Claude Lanzmann (* 27. November 1925 in Paris) ist ein französischer Regisseur von Dokumentarfilmen und Produzent. Er ist Herausgeber des von Jean-Paul Sartre und Simone de Beauvoir gegründeten Magazins Les Temps Modernes. Sein jüngerer Bruder Jacques Lanzmann ist als Texter der Chansons von Jacques Dutronc bekannt, seine Schwester ist die Schauspielerin Evelyne Rey. Er war mit der deutschen Schriftstellerin Angelika Schrobsdorff verheiratet.

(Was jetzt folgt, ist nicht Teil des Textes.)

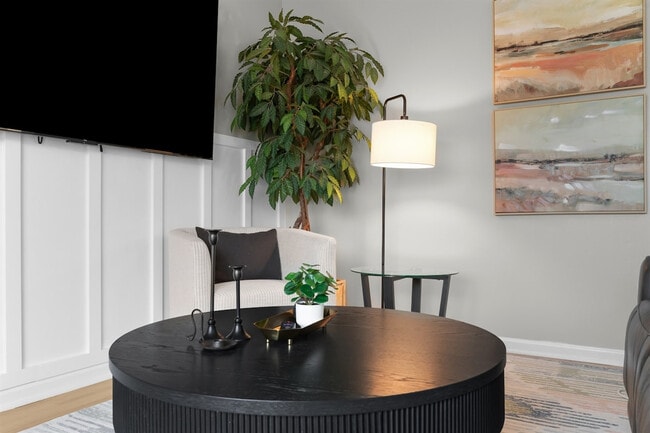 Photo - 55 Hollywood Ct Unit SI ID1032368P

Inhaltsverzeichnis [Verbergen]
1 Leben
2 Filmschaffen zum Holocaust
3 Auszeichnungen
4 Interviews und Porträts
5 Filmografie
6 Autobiografie
7 Weblinks
8 Einzelnachweise

Leben [Bearbeiten]
Claude Lanzmann wurde als Sohn eines Dekorateurs und einer Antiquitäten-Spezialistin und Enkel jüdischer Immigranten aus Osteuropa geboren. Als Schüler des Lycée Condorcet nahm er wahr, wie der Antisemitismus immer mehr um sich griff. Im Jahr 1940 nahm sein in der Résistance engagierter Vater ihn, seinen jüngeren Bruder Jacques und seine Schwester mit in die Auvergne, wo er die Kinder zu Misstrauen und „aktivem Pessimismus“ anhielt und ihnen beibrachte, sich spurlos in Sicherheit zu bringen. Claude Lanzmann organisierte seinerseits als 18-jähriger Schüler den Widerstand im Lycée Blaise Pascal in Clermont-Ferrand (1943) und nahm an mehreren Partisanenkämpfen (La Margeride, Mont Mouchet), im Cantal und in der Haute-Loire durch Angriffe auf die deutsche Besatzungsarmee aus dem Hinterhalt teil.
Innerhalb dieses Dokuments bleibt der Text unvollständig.